The sleeve 405 can be realized as a structure with an opening along a longitudinal axis of the sleeve 405 that is sized such that the liner 415 is operable within the sleeve 405. Anchor screws 424-1 and 424-2 can be used to anchor the sleeve 405/packer 410 to the liner 415. Other types of anchor devices can be used such as a collet or slip, which is a gripping device that typically has a teeth structure. Thrust bushing/bearing elements 425-1 and 425-2 and lateral bushing/bearing elements 426-1 and 426-2 allow the liner 415 to rotate while drilling. Thrust bearings allow the liner or the casing 415 to rotate when a thrust load is applied to the sleeve 405. Piston 427 is operable in the setting of the packer element 410 against a wall of a wellbore.

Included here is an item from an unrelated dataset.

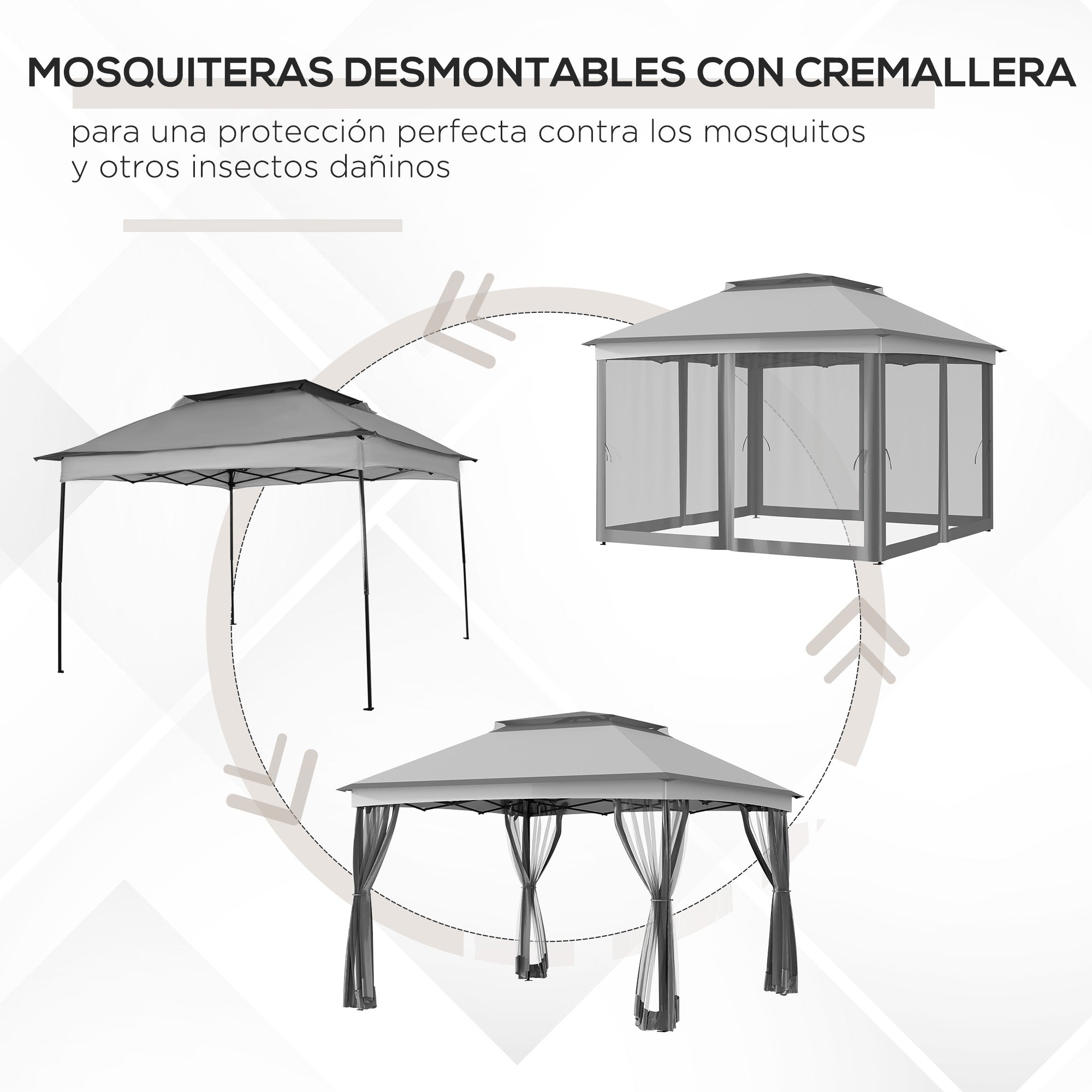 Outsunny Carpa Plegable Gazebo 3,3x3,3 m Cenador Plegable con 4 Paredes Laterales de Malla Anti-UV y Bolsa de Transporte para Camping Fiestas Gris Claro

FIG. 5 is a schematic representation of non-rotating drill-in packer 402 of FIG. 4 with packer element 410 expanded. In the expanded position, packer element 410 extents above surface 429. FIG. 6 is a schematic representation of the non-rotating drill-in packer 402 of FIG. 4 with packer element 410 set against a wall 622 of a borehole 606 in a formation 601. FIG. 6 shows that as the packer's element is set (squeezed) at the wall 622, it will grip the sleeve 405 and prevent the sleeve 405 from rotating, while liner/casing 415 can rotate.

FIG. 7 is a flow diagram of features of a method 700 that implements a non-rotating drill-in packer. The non-rotating drill-in packer may include features similar to or identical to features associated with the apparatus of FIGS. 1-6. At 710, a liner is drilled to a depth at a well site. At 720, a packer is activated to seal against a wall of a wellbore, allowing the liner to rotate. The activated packer can seal off a region below the packer. The activated packer can be arranged as an element of a sleeve fitted around the liner, the sleeve structured to allow the liner to rotate with the sleeve non-rotating. The packer can be a packer of the non-rotating drill-in packer arranged to seal off a region below the annular expandable packer elements from the above hydrostatic well column in the wellbore. Activating the packer to seal against the wall of the wellbore and sealing off the region below the packer can include activating a plurality of packers to seal against the wall of the wellbore and to seal off the region below the packer.

At 730, the liner is rotated to conduct an operation at the well site. The operation can include rotating the liner with non-rotating drill-in packer sealing off the region when pumping a fluid. The fluid or fluids can include: cement, drilling mud, space fluids (fluids pumped between drilling mud and cement to prevent the drilling mud from contaminating the cement), specialized fluids to remove filter cake from the wellbore, fluids containing loss circulation materials to seal the wellbore and/or formation, water-based fluids, oil-based fluids (OBM), synthetic oil based muds (SBM) etc. Pumping the fluid may include pumping the fluid above the packer. Pumping the fluid may include pumping the fluid below the packer. Additionally, pumping the fluid may include pumping the fluid below the packer and then pumping fluid above the packer, or vice-versa. The operation may include using one or more additional packers. Pumping the fluid can include pumping fluid with respect to one or more additional packers; and pumping fluid above the one or more additional packers or pumping fluid below the one or more additional packers. Pumping the fluid can include pumping fluid with a plurality of additional packers; and pumping fluid above one of the plurality of additional packers and pumping fluid below another one of the plurality of additional packers. Further, the method 700 can include setting a liner hanger after pumping the fluid. A liner hanger is a mechanism to attach liners from an inner wall of a previous casing string.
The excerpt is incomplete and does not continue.